To highlight just how far the U.S. is ahead of most countries in terms of PPP-adjusted GDP per capita, when applying PPP adjustments at the state level, all 50 U.S. states individually rank higher than the United Kingdom.
How much of that actually goes to households?
Fortunately, there are better metrics for measuring how much of that income actually flows to households. The Organization for Economic Co-operation and Development (OECD), an inter-governmental agency based in Paris and consisting of most of the world's developed market economies, publishes lots of economic statistics on its member countries. One of those statistics is Household Disposable Income, which each member nation computes according to the standardized System of National Accounts.

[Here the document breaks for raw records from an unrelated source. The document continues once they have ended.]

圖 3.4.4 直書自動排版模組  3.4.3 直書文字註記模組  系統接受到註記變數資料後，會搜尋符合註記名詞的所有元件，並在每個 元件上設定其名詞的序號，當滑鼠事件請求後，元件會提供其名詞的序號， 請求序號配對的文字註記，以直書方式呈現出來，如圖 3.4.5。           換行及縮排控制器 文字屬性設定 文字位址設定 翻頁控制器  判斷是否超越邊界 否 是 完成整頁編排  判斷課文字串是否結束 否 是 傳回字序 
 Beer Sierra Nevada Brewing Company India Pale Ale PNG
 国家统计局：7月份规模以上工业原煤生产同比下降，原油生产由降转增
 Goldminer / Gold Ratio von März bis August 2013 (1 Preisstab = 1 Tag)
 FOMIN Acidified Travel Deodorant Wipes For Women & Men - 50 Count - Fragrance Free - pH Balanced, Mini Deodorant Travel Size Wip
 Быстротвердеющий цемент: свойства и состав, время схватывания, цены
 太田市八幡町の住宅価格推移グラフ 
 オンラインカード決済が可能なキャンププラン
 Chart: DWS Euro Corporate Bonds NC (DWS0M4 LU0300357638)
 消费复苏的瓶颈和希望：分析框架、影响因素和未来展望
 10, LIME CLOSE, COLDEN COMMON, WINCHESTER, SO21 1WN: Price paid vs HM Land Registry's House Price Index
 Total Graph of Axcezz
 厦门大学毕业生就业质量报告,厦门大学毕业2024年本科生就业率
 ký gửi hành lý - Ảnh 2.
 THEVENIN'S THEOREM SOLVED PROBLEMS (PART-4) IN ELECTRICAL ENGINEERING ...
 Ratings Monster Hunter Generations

OECD's Household Disposable Income metric adjusts household incomes for the various different factors that normally make incomes difficult to compare between different nations, include taxes, the value of goods and services provided to households by the government (including any government pensions, healthcare, education, etc.,) as well as factoring in purchase-power parity adjustments. No comparison will ever be perfect, but this one is likely about as close as it currently gets for comparing actual standard of living of households among the various OECD countries.
(As a side note to prevent potential confusion, "standard of living" is an economic measure meaning "goods and services available to a household" and should not be confused with the related measure known as "quality of life," which is a more intangible and subjective 'happiness' measure. Obviously, money and happiness are not the same thing, so those measures are not equal.)
Here's how the various OECD states currently stack up in that measure:
Source: OECD Household Disposable Income data for 2019 in PPP-adjusted USD (Interactive graph)
The data may be a bit difficult to see with that font size, but here are the top 10 and the Eurozone as a whole:
- United States $53,123
- Luxembourg $47,139
- Switzerland $41,561
- Germany $40,699
- Australia $40,237
- Norway $39,570
- Austria $38,333
- Netherlands $37,810
- Canada $36,882
- Finland $36,649
When was the United States last the richest country?
So, if the primary question here, as hinted at in the question body, is really when was the last time that the U.S. was the richest country in the world, at least in terms of actual household standard of living and excluding geographically tiny city-states, the best answer is probably right now.
Arguments could be made for it being a close #2 behind Switzerland if going by PPP-adjusted GDP/capita alone and ignoring tiny and/or oil-rich countries. If going by this, it's hard to say when the U.S. was last ahead of Switzerland in PPP-adjusted GDP/capita, as the wiki list on that only goes back to 1980 and Switzerland has been ahead for that entire time. However, the gap has dramatically closed in recent years (down to about $700 in 2019) and IMF's 2019 estimates projected that the U.S. would pass Switzerland in 2021 (though my personal, non-economist guess is that the COVID-19 pandemic will likely end up delaying this.)
Since 1980, Ireland and Switzerland are the only non-tiny and non-oil-rich countries to have had a higher PPP-adjusted GDP/capita than the US and that has only been the case for Ireland since Apple made some accounting changes in 2015 to shift more of their income to being declared there.